Enfin, le troisième domaine dans lequel Internet constitue un apport important est celui des débats scientifiques en ligne. Le réseau permet en effet de «créer des formes plus efficaces d’échange et de coordination du travail, qui engendrent des communautés nouvelles, parallèles, intégrées mais pas nécessairement subordonnées à leur contexte universitaire d’origine» (p. 117). Selon l’auteur ces communautés peuvent devenir de véritables «équipes de travail virtuelles» en attendant la constitution de «centres de recherche virtuels», et il donne l’exemple des listes de diffusion d’adresses électroniques. On retrouve cependant là encore le problème du cadre normatif: les listes de diffusion sont souvent sources de frustrations car il n’y a pas de débat suivi, les informations y sont désordonnées. L’auteur plaide donc pour la mise en place d’autorités scientifiques au sein de chaque communauté virtuelle, en insistant sur le fait qu’ici, ce rôle sera sans doute poins facilement assuré par les universités traditionnelles que par de nouvelles communautés d’intérêts nées précisément sur le net, à l’image de C18 pour l’étude du siècle des lumières.
En conclusion, on peut dire que le livre de Rolando Minuti a déjà le mérite d’exister et de combler un vide car il y a très peu de publications de synthèse sur l’impact d’Internet sur les sciences sociales. Il a aussi un intérêt pratique puisqu’il fournit de nombreux exemples de sites ou moteurs de recherche spécialisés en histoire peu connus, et qu’il est muni d’une sitographie riche et utile.
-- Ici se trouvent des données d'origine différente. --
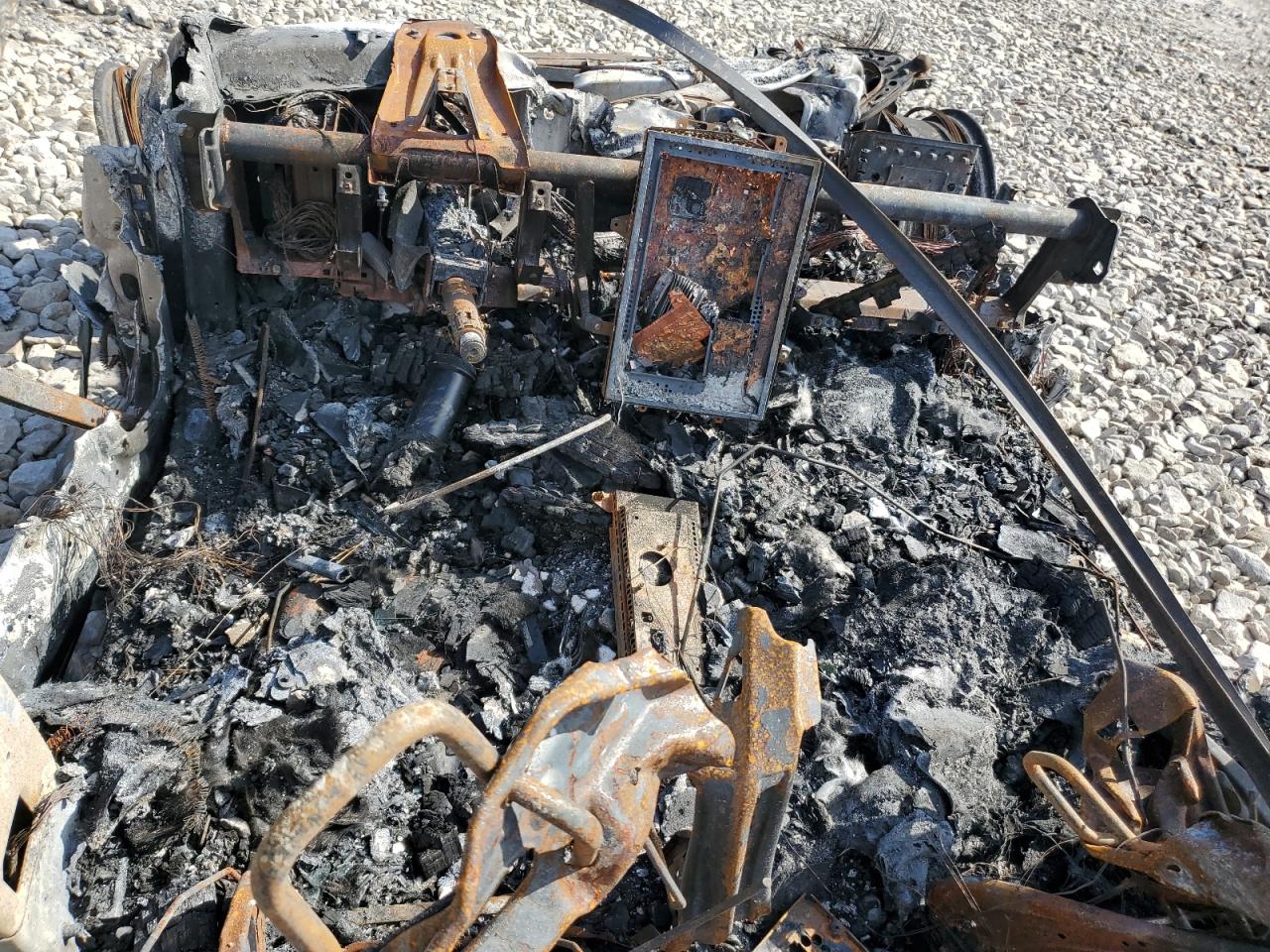 2020 Tesla Model S VIN: 5YJSA1E20LF414763 Lot: 92516455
Mais son principal intérêt est de susciter un questionnement salutaire, lucide et apaisé sur l’impact d’Internet sur l’ensemble du métier d’historien, en montrant, toujours sur un ton très ouvert, les multiples possibilités qu’Internet offre aux chercheurs tout en en soulignant les limites, limites qui reposent essentiellement sur l’absence d’un cadre normatif stable qui permettent de donner au réseau autant de légitimité que les autres outils traditionnels de l’historien. La seule limite importante du livre est sans doute qu’il a été écrit un peu trop tôt pour être totalement convaincant: malgré sa volonté de montrer les grandes potentialités d’Internet et sa capacité à modifier les méthodes de travail en histoire, l’auteur n’arrive pas toujours à étayer ses démonstrations par des exemples convaincants du fait de la rareté des initiatives existantes à l’époque de rédaction du livre. L’auteur est en quelque sorte obligé de «parier sur l’avenir» et de prendre un ton un peu prophétique.